За колючей проволокой вместо ожидаемого концлагеря расположился пасторальный рай: купоросовые деревья с райскими птицами, яблоневые и вишневые сады, уходящие за горизонт с не меньшей решимостью, чем ряды лживых колких воспоминаний о несуществующем, по-шахматному упорядоченное поле с воро́нами и коровами, невероятной изящности сад с зачарованными чайными розами (спасибо за розы, мысленно сказала я – получишь ли ты этот привет? слышишь ли ты меня? все, что сейчас шумит за окном, за которым ничего не может шуметь, – это я и шипы, это мы и розы), плантации с круглыми рыжими тыквами, крохотными ледяными арбузами нежнейшего смертного сахара, молочно-зелеными кабачками и высадкой галактического флота патиссонов. Большая белая собака рыла яму в мягкой коричной земле, пьяно пахло мятой, где-то за невидимым поворотом курлыкали голуби, по траве деловито ходили нарядные пестрые курочки. Я повертела головой в поисках возлегших рядом льва и агнца, но не увидела их; видимо, они лежат в доме, в спальне.

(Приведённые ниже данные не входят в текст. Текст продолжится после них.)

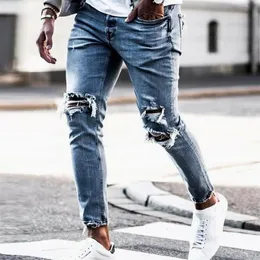 Jeans masculinos homens magros streetwear destruído rasgado homme hip hop quebrado modis masculino lápis motociclista bordado remendo calças292b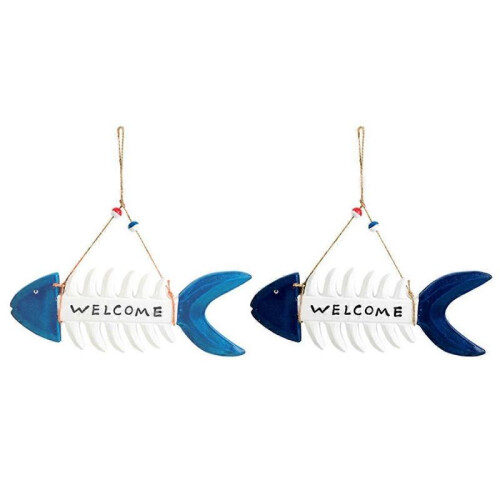 Fish Bone Welcome Sign Fish Wall Decor Beach-Themed Welcome Sign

«Очень легко, – написала я Лине, когда вошла в домик-усадьбу, похожий на пряничный баварский за́мок. – Почему так?»
«Отлично, – ответила она. – Я знала, что ты справишься».
Я только потом поняла, что она хотела сказать этой очевидной банальностью: может, там и серьезная охрана на самом деле, но ты была уверена, что это легко, поэтому это было легко.
Мне же подумалось, что диктатор настолько привык находиться в этом огромном райском пространстве в полном безопасном одиночестве, что оно и оказалось одиноким раем, в котором жить весело, только некому.
Я уже полчаса ходила по неправдоподобно извилистым красным коридорам, подозревая, что за каждой из дверей – какая-то отдельная версия Вселенной (вот именно эта разновидность моей памяти меня больше всего пугала – откуда это? зачем?). Иногда я натыкалась на мрачных охранников, фоновых телохранителей и ворчливых нейроуборщиц.
– Да я уже два дня тут, – неожиданно выдала я при первом подобном столкновении, словно выткав паутинку этих слов из чьей-то чужой спасительной памяти о визите в рай. – Я в гостях у президента. Приехала вот. Туалет ищу. Был туалет, а теперь нет.
Один из охранников безразлично махнул рукой.
– Да он же на выезде сейчас. Вот и нет туалета.
– Как нет? – удивилась я.
– Да тут всегда все через жопу, когда он на выезде. Кроме него, никто не помнит уже, что тут где. Лабиринты одни.
Я кивнула.
– На улице есть, иди посмотри! Деревянный, как у бабушки в деревне! – заржал охранник.
Меня удивило безразличие всех, кого я встречаю. Не так я представляла себе резиденцию диктатора. Абсолютная летаргия и безразличие к существованию – мысленно перевела я непереводимое. Тотальная изнуренность и безразличие к бытию. Всепоглощающая вялость и безразличие к реальности. Indifference. Indifference.
Когда я нашла спальню, все еще надеясь обнаружить там льва и агнца, возлегающих под москитными балдахинами, выяснилось, что она и есть то, что я ищу. Это была комната связи, и она была наглухо заперта, но поскольку я не знала, что она заперта, я вошла в нее, как в спальню.
Уже потом, опять же, я поняла, что никто из живущих или живших в этой стране дубликатов никогда не мог бы пробраться в эту комнату. Единственный – возможно, единственный – существующий портал в реальный мир охранялся самым жестким образом, только я об этом не знала. Или мне откуда-то транслировалось всепоглощающее безразличие, в безбрежных водах которого, как в белом болоте, утопало все вокруг.
Может быть, это мое собственное безразличие – его накопилось так много, что оно смогло заполнить все лакуны, неосмотрительно опустошенные за счет перехода диктаторского дубликата в реальный мир. Впрочем, это не совсем переход – я сразу это поняла, как только увидела стол, экран и самого диктатора.